ASSIGNED TASK
Could you restate the data below word for word, without its pictures?

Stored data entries
····················

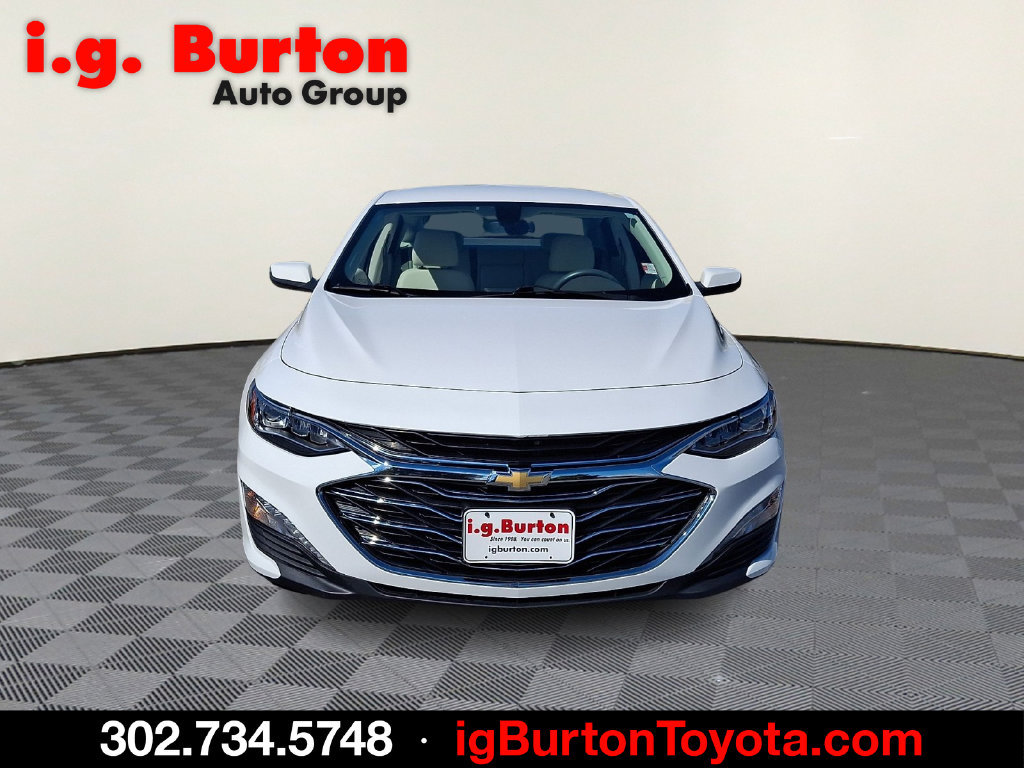 Used 2019 Chevrolet Malibu Premier Sedan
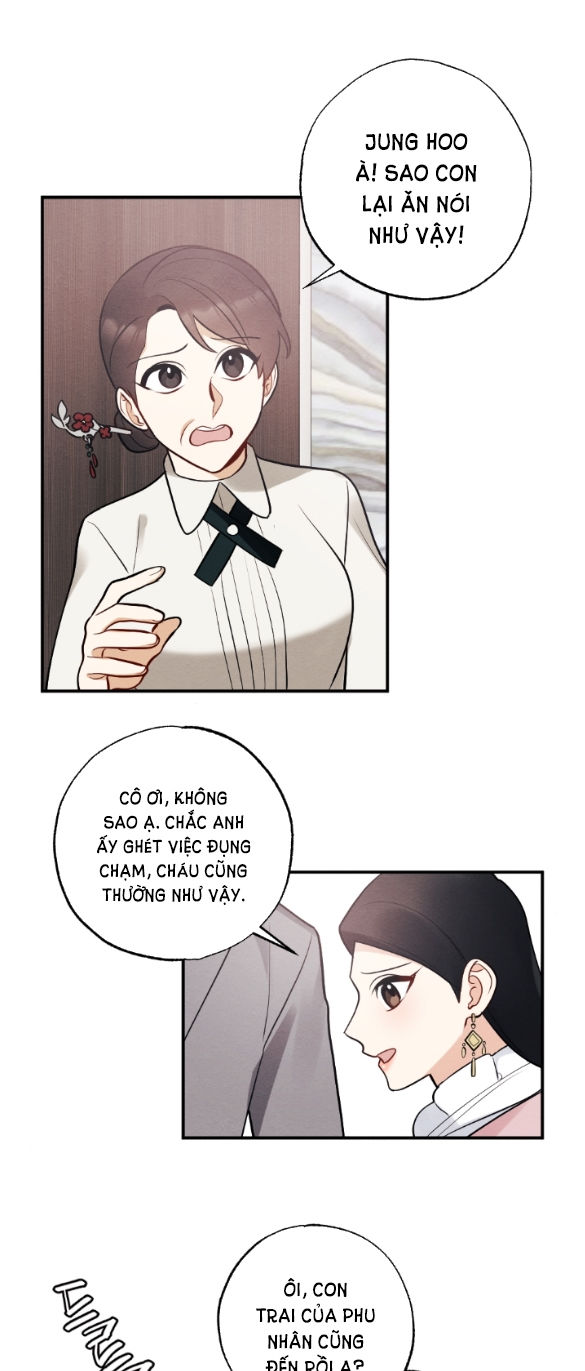 [18+] hôn nhân bị đánh cắp chapter 8.2 7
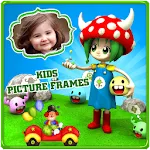 Kids Picture Frames | Indus Appstore | App Icon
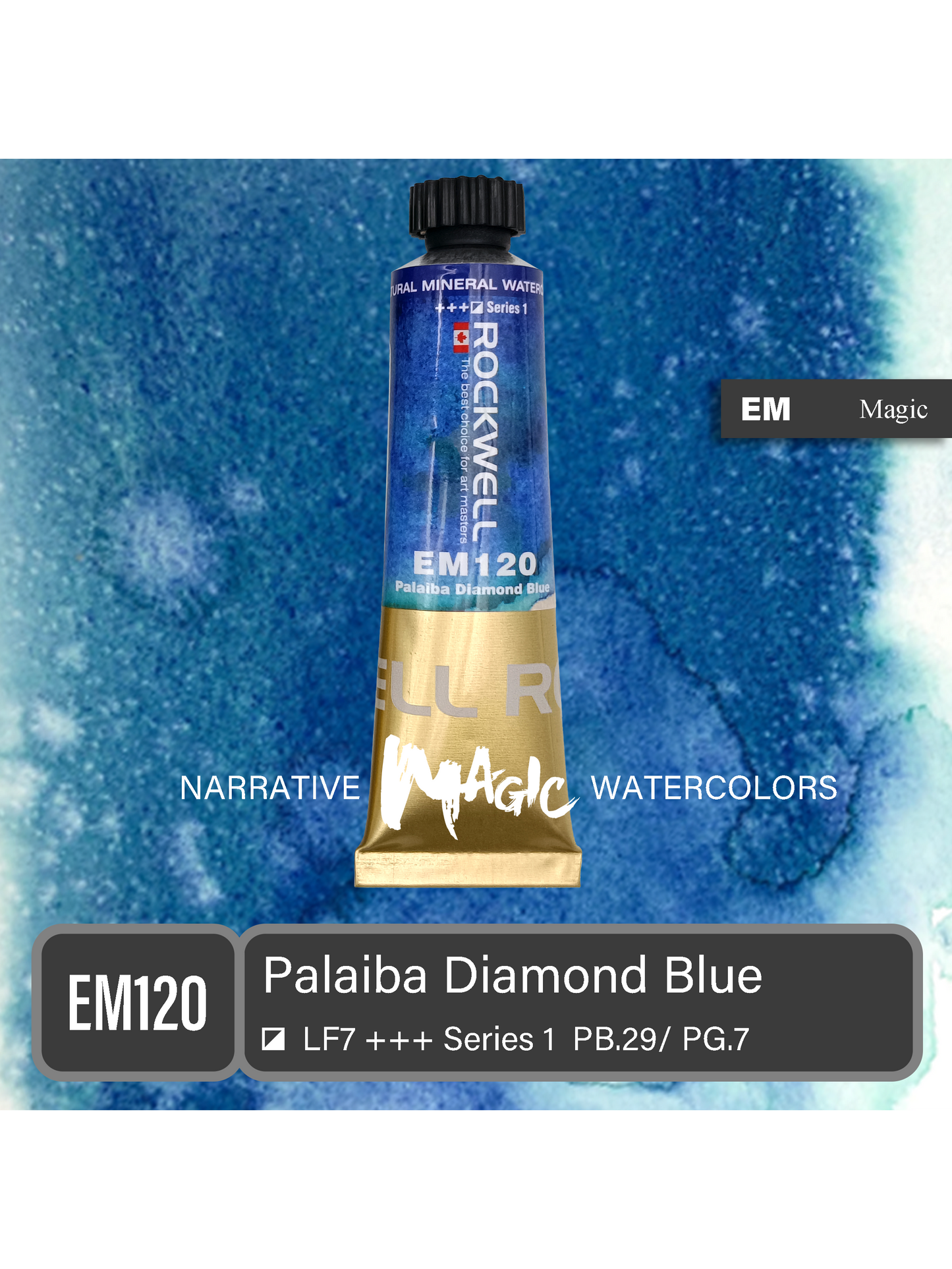 PALAIBA DIAMOND BLUE 15ml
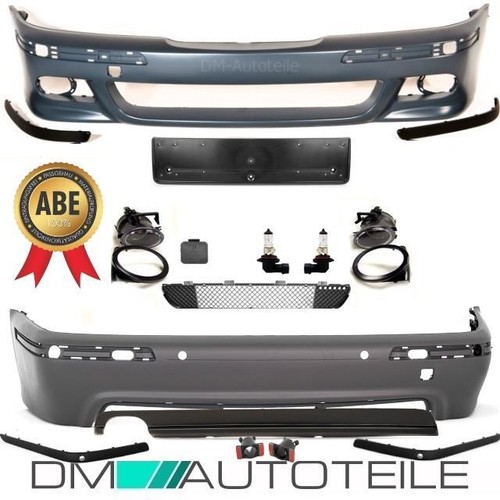 Sport bodykit stoßstange - sport,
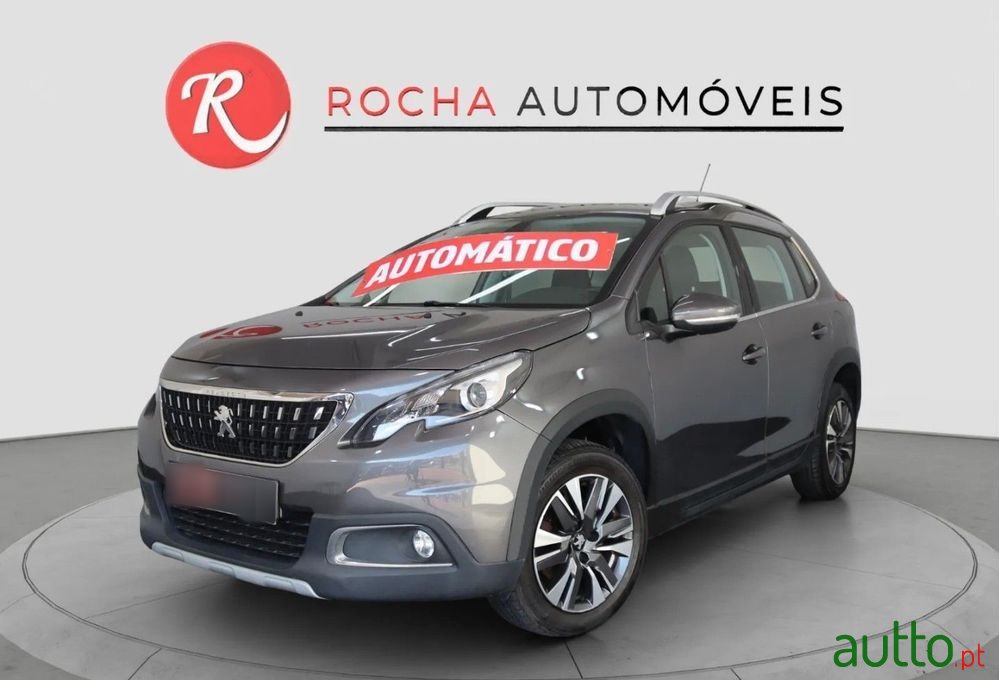 2018' Peugeot 2008 photo #1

····················

SOLVED EXERCISE
 Used 2019 Chevrolet Malibu Premier Sedan
 [18+] hôn nhân bị đánh cắp chapter 8.2 7
 Kids Picture Frames | Indus Appstore | App Icon
 PALAIBA DIAMOND BLUE 15ml
 Sport bodykit stoßstange - sport,
 2018' Peugeot 2008 photo #1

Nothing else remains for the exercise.